Membre de DIS-MOI depuis 2017 

S’il a eu la chance de venir à Maurice pour la première fois en 2009 grâce à Amnesty International, Benji a rejoint DIS-MOI Mada depuis sa création en 2017 comme membre. Il participe activement aux campagnes de sensibilisation et aux formations en droits humains. 

Pour les droits humains ? 

« Devenir défenseur des droits humains est un choix réfléchi. Je voyais depuis mon enfance que des enfants comme moi étaient privés de leurs droits. Je ne savais pourtant pas ce qu’étaient ces droits. Cependant, aujourd’hui je sais. Et si je sais, je ne peux pas me taire, je dois agir ! Je ne sais pas quand le combat va s’arrêter… » 

Son rêve pour son pays 

Il aime son pays même s’il y vit dans la misère. « Quand je compare mon pays à l’île Maurice je suis triste et révolté. Je me demande comme un pays aussi petit que Maurice, comparé au mien peut continuer à se développer ainsi et pour à Mada malgré toute la place, toutes les ressources, on n’avance pas ? »
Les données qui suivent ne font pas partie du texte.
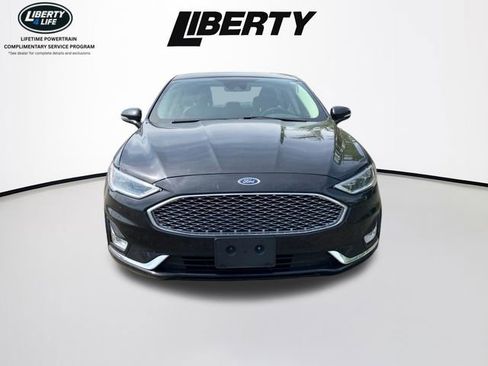 Used 2019 Ford Fusion Titanium FWD image 6
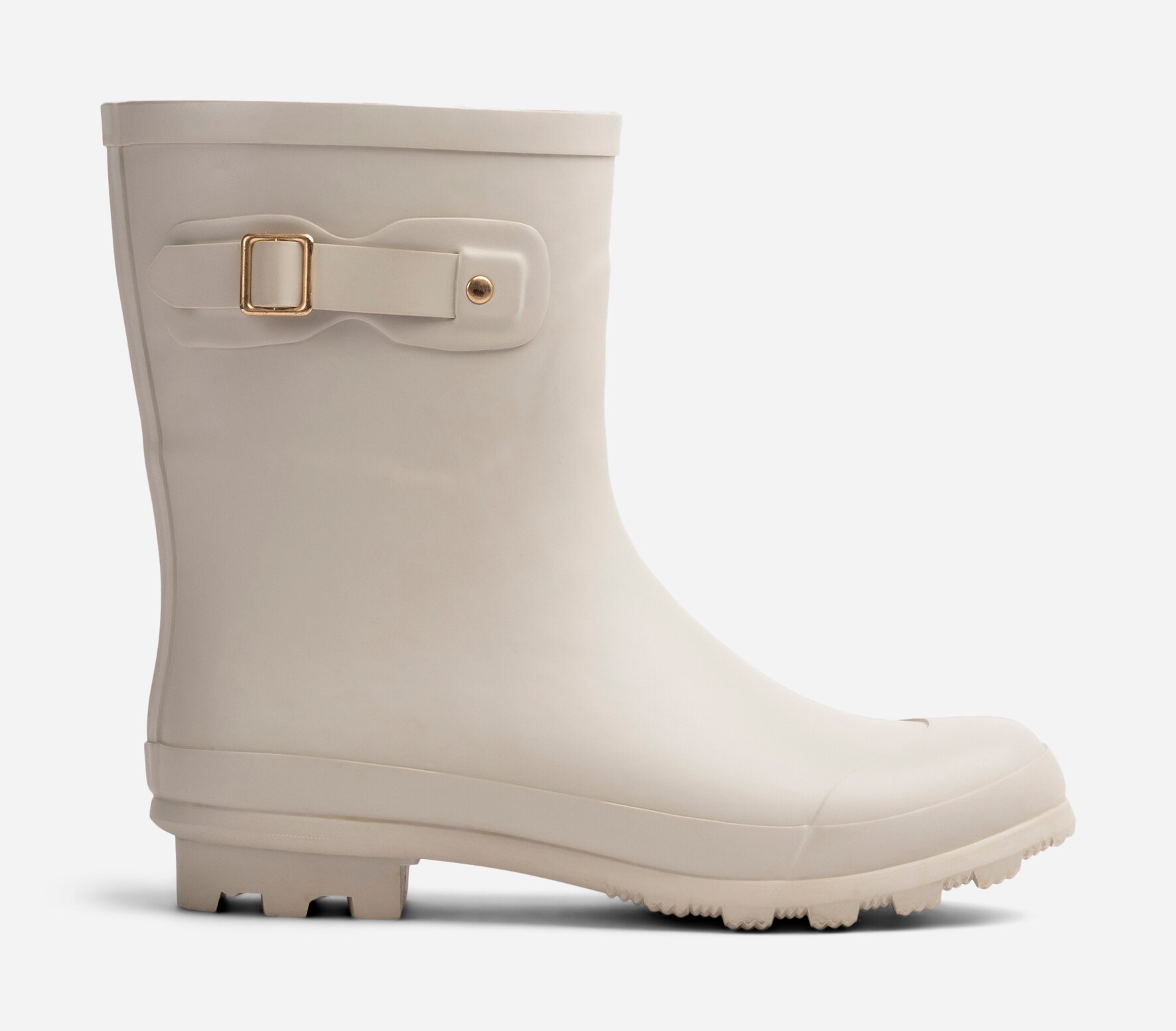 LEJON, Varmfodrade gummistövlar Beigea
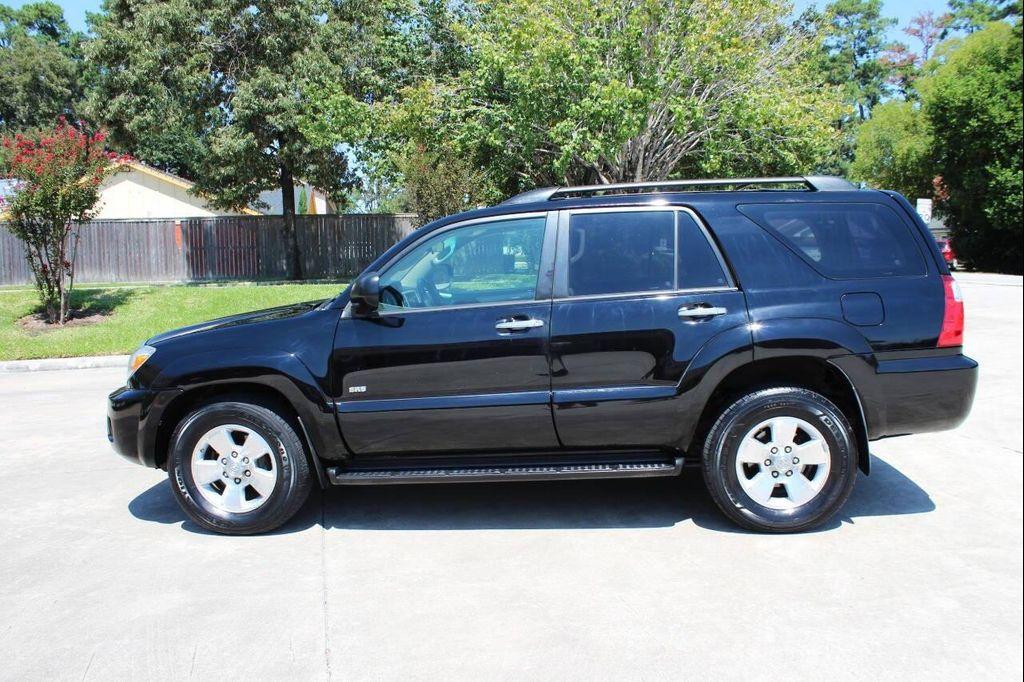 used 2007 Toyota 4Runner car, priced at $9,995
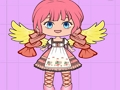 Spel Vivi Doll Dress Up aanlyn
Il dit vouloir des dirigeants qui auront à cœur le développement du pays. « Il n’y a pas de salaire minimal. Tout se négocie actuellement avec la personne qui nous emploie pour la journée. Certains peuvent gagner moins d’un euro pour une journée de travail. L’accès au travail reste donc difficile et cela entraîne une répercussion sur la famille. Il n’y a pas de sécurité sociale. S’il y a un problème de santé dans la famille, que faire ? Il faut bâtir avec des gens qui ne veulent pas tout piller. Il faut reformer le système éducatif, arrêter le népotisme et espérer un changement de mentalité. Que la Déclaration Universelle des droits de l’homme ne reste pas qu’un document ! »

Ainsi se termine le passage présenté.